(Task goal): The task calls for the lines below from the line with "BSTRD. Dutch Oven" to the line with "Двухканальный цифровой стерео", both ends included, copied exactly, without any pictures.

(Records for this exercise):
▬▬▬
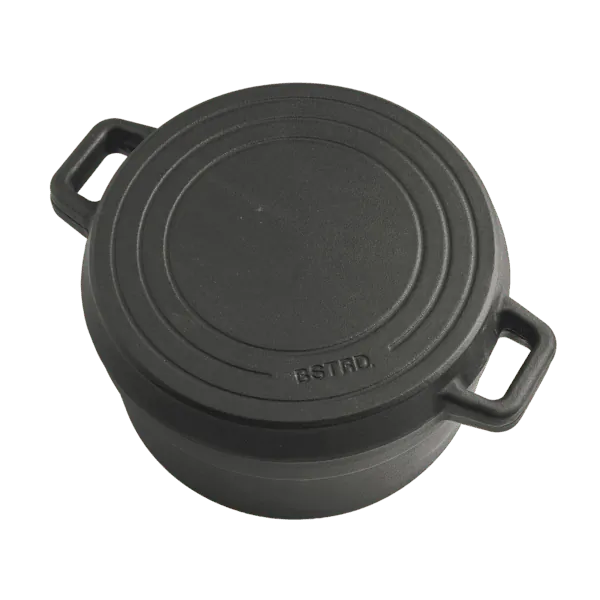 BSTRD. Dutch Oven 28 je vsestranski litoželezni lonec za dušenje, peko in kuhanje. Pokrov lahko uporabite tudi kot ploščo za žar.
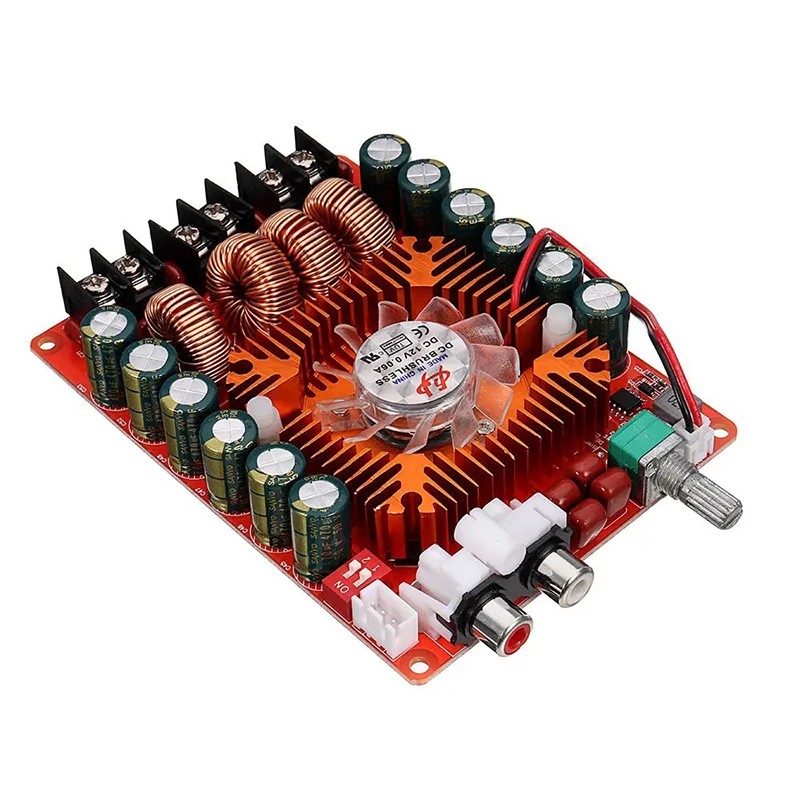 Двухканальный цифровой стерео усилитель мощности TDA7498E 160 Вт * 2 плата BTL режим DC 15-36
▬▬▬
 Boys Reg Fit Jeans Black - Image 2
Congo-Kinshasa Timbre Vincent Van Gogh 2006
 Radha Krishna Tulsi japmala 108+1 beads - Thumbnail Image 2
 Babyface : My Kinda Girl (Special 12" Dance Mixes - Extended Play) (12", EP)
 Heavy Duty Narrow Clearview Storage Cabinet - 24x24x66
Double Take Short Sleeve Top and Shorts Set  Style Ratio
▬▬▬
(Finished task):
 BSTRD. Dutch Oven 28 je vsestranski litoželezni lonec za dušenje, peko in kuhanje. Pokrov lahko uporabite tudi kot ploščo za žar.
 Двухканальный цифровой стерео усилитель мощности TDA7498E 160 Вт * 2 плата BTL режим DC 15-36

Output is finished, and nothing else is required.